▶ RAW DATA:
- - - -
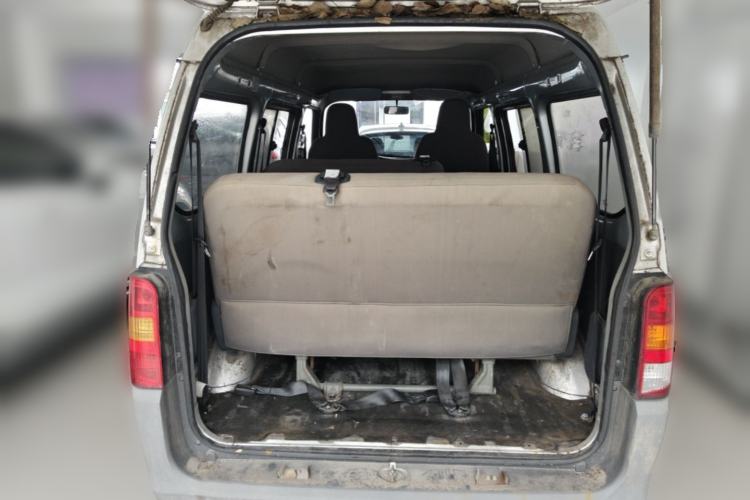 Used Wuling Zhiguang 2015 1.2L Practical LS-I Model Trunk
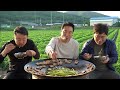 솥뚜껑에 구운 삼겹살과 마늘종의 조합~~👍👍 삼겹살 pork belly and garlic stem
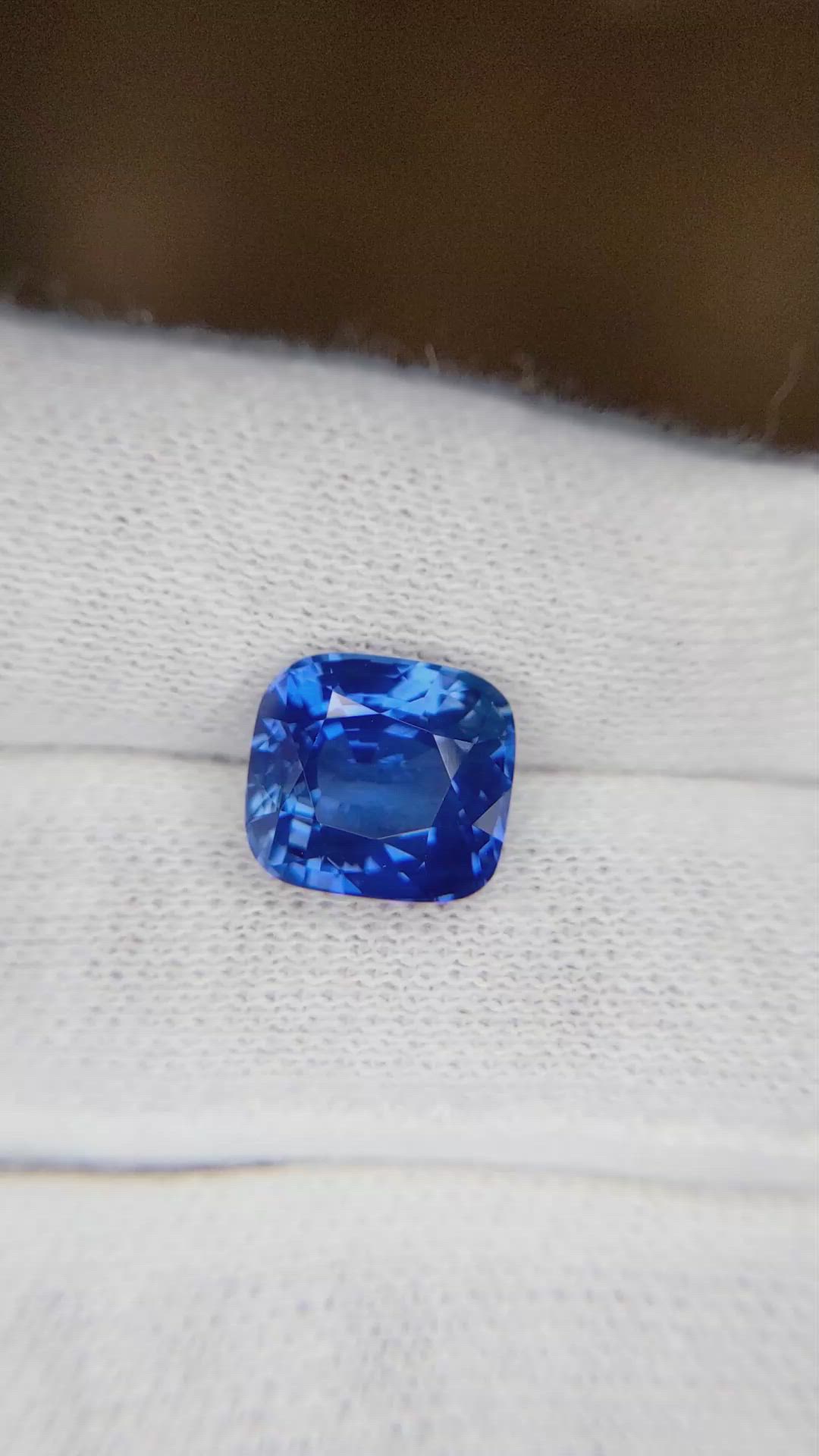 5.00 Ct. Blue Sapphire from Ceylon (Sri Lanka) Size Video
- - - -
▶ WHAT IS NEEDED: Each line of the data above must be reproduced as written. Skip the pictures.

▶ EXPECTED OUTPUT:
 Used Wuling Zhiguang 2015 1.2L Practical LS-I Model Trunk
 솥뚜껑에 구운 삼겹살과 마늘종의 조합~~👍👍 삼겹살 pork belly and garlic stem
 5.00 Ct. Blue Sapphire from Ceylon (Sri Lanka) Size Video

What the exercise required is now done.